▸ ENTRIES SUPPLIED:
==============================
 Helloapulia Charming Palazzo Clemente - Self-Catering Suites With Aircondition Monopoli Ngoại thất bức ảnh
==============================
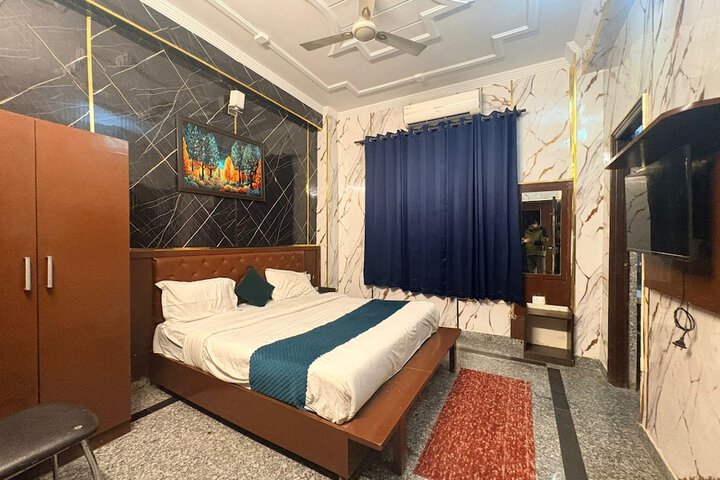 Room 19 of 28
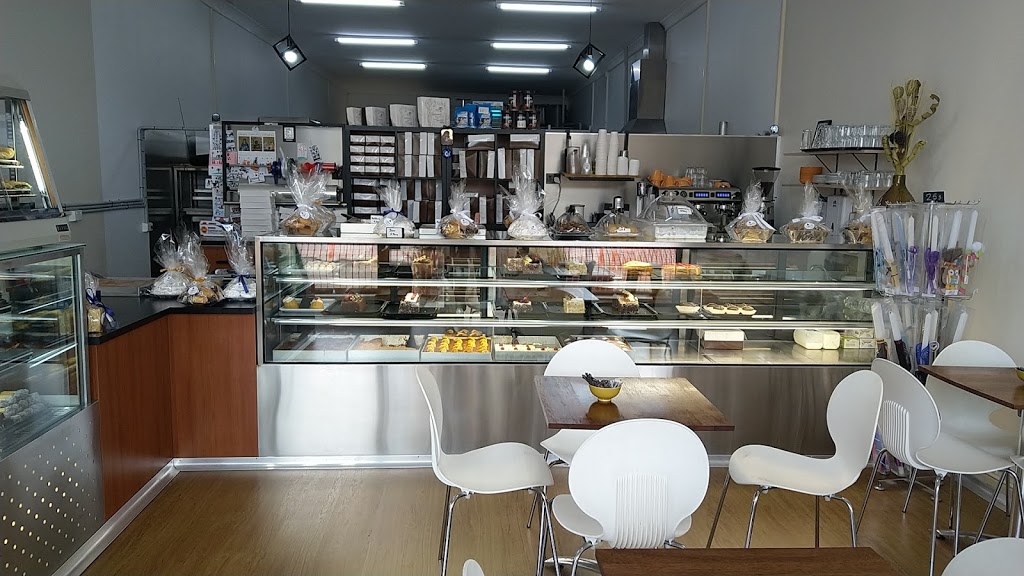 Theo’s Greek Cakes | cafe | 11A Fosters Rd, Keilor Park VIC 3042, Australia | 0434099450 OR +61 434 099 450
==============================
▸ TRY IT: Your reply should hold nothing but the lines above, from the one containing "Room 19 of 28" to the one containing "Theo’s Greek Cakes", reproduced exactly minus the pictures.

▸ YOUR SOLUTION:
 Room 19 of 28
 Theo’s Greek Cakes | cafe | 11A Fosters Rd, Keilor Park VIC 3042, Australia | 0434099450 OR +61 434 099 450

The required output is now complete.